Swedish Orphan Biovitrum AB (Sobi) announced that the Committee for Medicinal Products for Human Use (CHMP) of the European Medicines Agency (EMA) has adopted a positive opinion for the oral suspension formulation and the 20 mg capsule of Orfadin (nitisinone) for the treatment of Hereditary Tyrosinaemia type-1 (HT-1). HT-1 is a rare genetic disease that affects infants and children; it is progressive in nature, may result in liver and kidney failure and can be fatal if untreated. Twenty years ago before pharmacological treatment was available, less than one third of infants diagnosed with HT-1 before two months of age lived past their second birthday.

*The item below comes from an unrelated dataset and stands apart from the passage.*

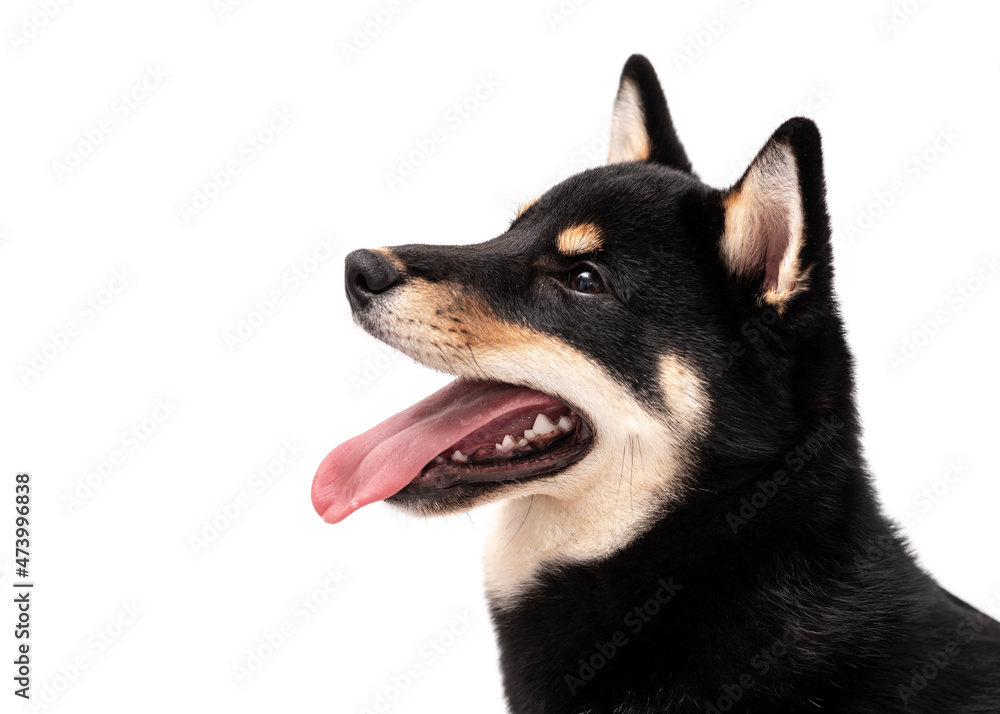 A 6 month old Shiba Inu puppy isolated on a white background. A 6 month old Shiba Inu puppy isolated on a white background.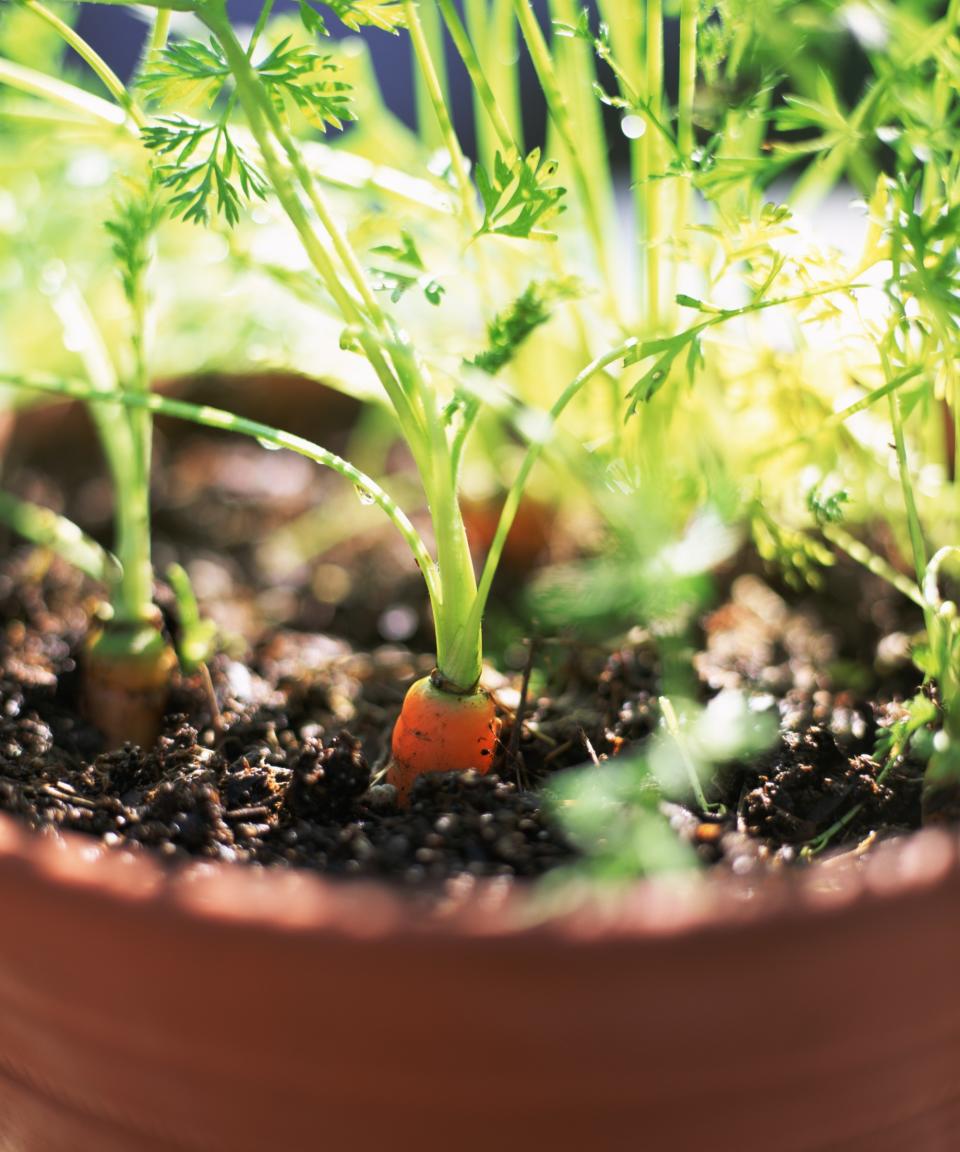 Carrots in a container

Treatment with Orfadin combined with dietary restriction of tyrosine and phenylalanine and more widespread newborn screening leading to early diagnosis has dramatically improved outcomes for HT-1 patients. EMA has called for more child-friendly formulations and the new paediatric oral suspension formulation is a response to this call and the needs of the infants and children diagnosed with HT-1 early in life. A paediatric oral suspension of Orfadin, if approved, will facilitate accurate dosing for infants and small children, and contribute to improving quality of life and patient outcomes.